McNab was as fully aware of Blackheart’s proximity as was Ferris. “I never said I was impartial, Ms. Byrd. I have every intention of putting John Patrick Blackheart exactly where he belongs. Which is behind bars for a good long time.”
Even the eavesdropping Blackheart had his limits. Excusing himself from the redhead with his usual grace, he sauntered over to the threesome by the kitchen door. “It’ll be a cold day in hell, McNab,” he remarked pleasantly. “I’ve done nothing.”
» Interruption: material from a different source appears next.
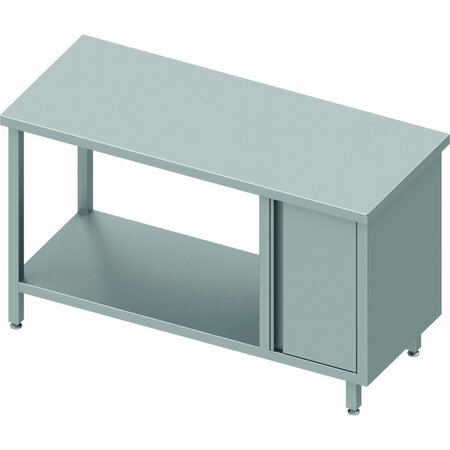 Table inox avec porte et etagère à gauche - gamme 600 - stalgast -  - acier inoxydable1300x600 x600x900mm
“Maybe not within my jurisdiction,” McNab allowed. “But I know you, Blackheart, I know you better than you know yourself. Sooner or later you’re going to slip up. You can’t keep flying off to Europe, pulling a heist, and then coming back here expecting to be welcomed with open arms. It’s a sickness with people like you, and sooner or later the craving will come over you and you’ll try it again in your own backyard. In my city. And this time I’ll get you.”
Blackheart’s yawn was perfection. “Have you always had such a well-rounded fantasy life, McNab? Or is it just part of a mid-life crisis?”
His casual pose might have fooled the others, but Ferris knew him too well, knew his body too well. She could sense the tension radiating from the corners of his dark brown eyes, could see the faint tightness in his thin-lipped mouth, could feel the anger and something else emanating from him, going straight to her heart with that inexplicable emotional telepathy that lovers sometimes had.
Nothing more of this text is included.